In distributed systems, things fail. Networks drop packets, services restart, and clients retry requests. Without careful design, these retries can cause duplicate actions — charging customers twice, sending the same email multiple times, or creating duplicate records. The idempotency design pattern is your defense against these reliability nightmares.
What is Idempotency?
An operation is idempotent if performing it multiple times produces the same result as performing it once. Mathematically:
f(f(x)) = f(x)
In the context of APIs and distributed systems:
An idempotent operation can be safely retried without causing unintended side effects.
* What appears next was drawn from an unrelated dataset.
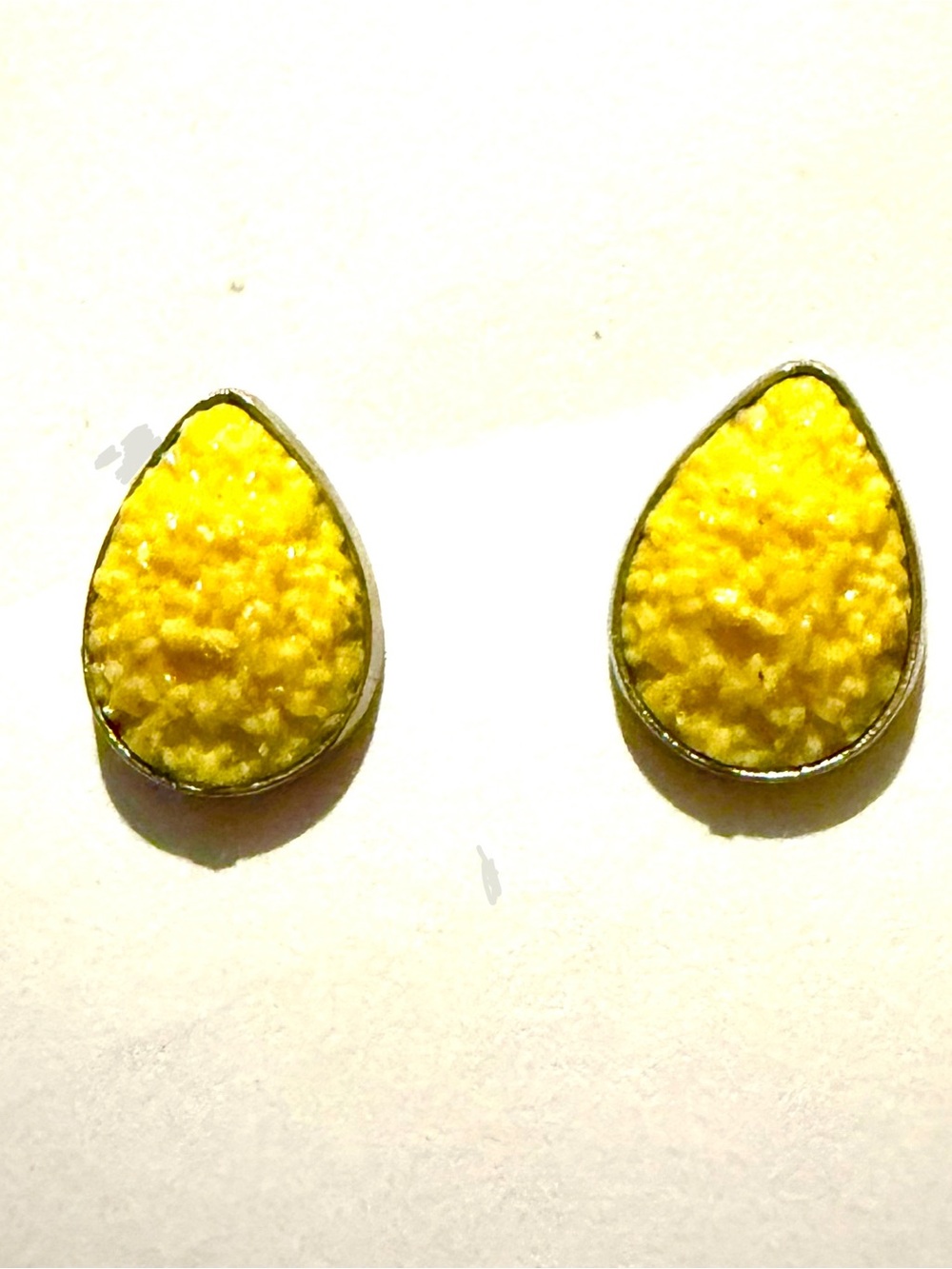 Yellow Druzy Teardrop Stud Earrings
Some operations are naturally idempotent:
- GET requests — Reading data doesn’t change state
- DELETE by ID — Deleting the same resource twice still results in it being deleted
- SET operations — Setting a value to X, regardless of how many times, leaves it at X
But many operations are NOT naturally idempotent:
- POST (create) — Each call might create a new resource
- Increment/decrement — Each call changes the value
- Sending notifications — Each call triggers another message
- Financial transactions — Each call moves money
This is where the idempotency design pattern comes in.
The Core Pattern
The idempotency pattern works by associating each request with a unique idempotency key. The server tracks which keys it has processed and their results.
Here’s the flow:
- Client generates a unique idempotency key (usually a UUID or deterministic hash)
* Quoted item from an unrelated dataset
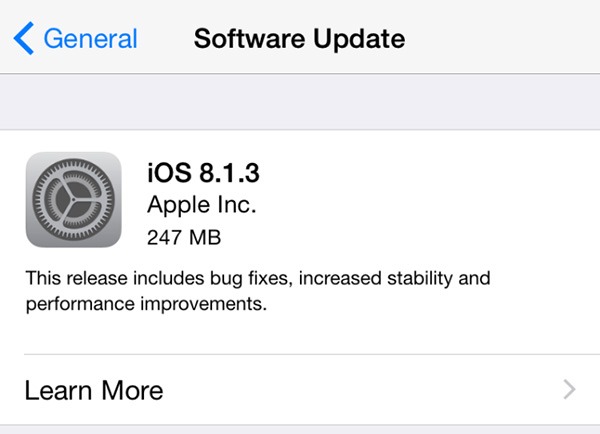 Comparación del rendimiento de iOS 8.1.2 frente a iOS 8.1.3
- Client sends request with the key in a header (e.g.,
Idempotency-Key: abc123) - Server checks if it has seen this key before
- If NOT found: Process the request, store the key + result, return response
- If found: Return the cached result immediately (no reprocessing)
Implementation in Go
Here’s a practical implementation using Redis for idempotency key storage:
package idempotency
import (
"context"
"crypto/sha256"
"encoding/hex"
"encoding/json"
"errors"
"time"
"github.com/redis/go-redis/v9"
)
type Status string
const (
StatusPending Status = "PENDING"
StatusCompleted Status = "COMPLETED"
StatusFailed Status = "FAILED"
)
type CachedResponse struct {
Status Status `json:"status"`
StatusCode int `json:"status_code"`
Body json.RawMessage `json:"body"`
CreatedAt time.Time `json:"created_at"`
}
type Store struct {
redis *redis.Client
ttl time.Duration
}
func NewStore(redis *redis.Client, ttl time.Duration) *Store {
return &Store{redis: redis, ttl: ttl}
}
// Check returns the cached response if the key exists
func (s *Store) Check(ctx context.Context, key string) (*CachedResponse, error) {
data, err := s.redis.Get(ctx, s.keyPrefix(key)).Bytes()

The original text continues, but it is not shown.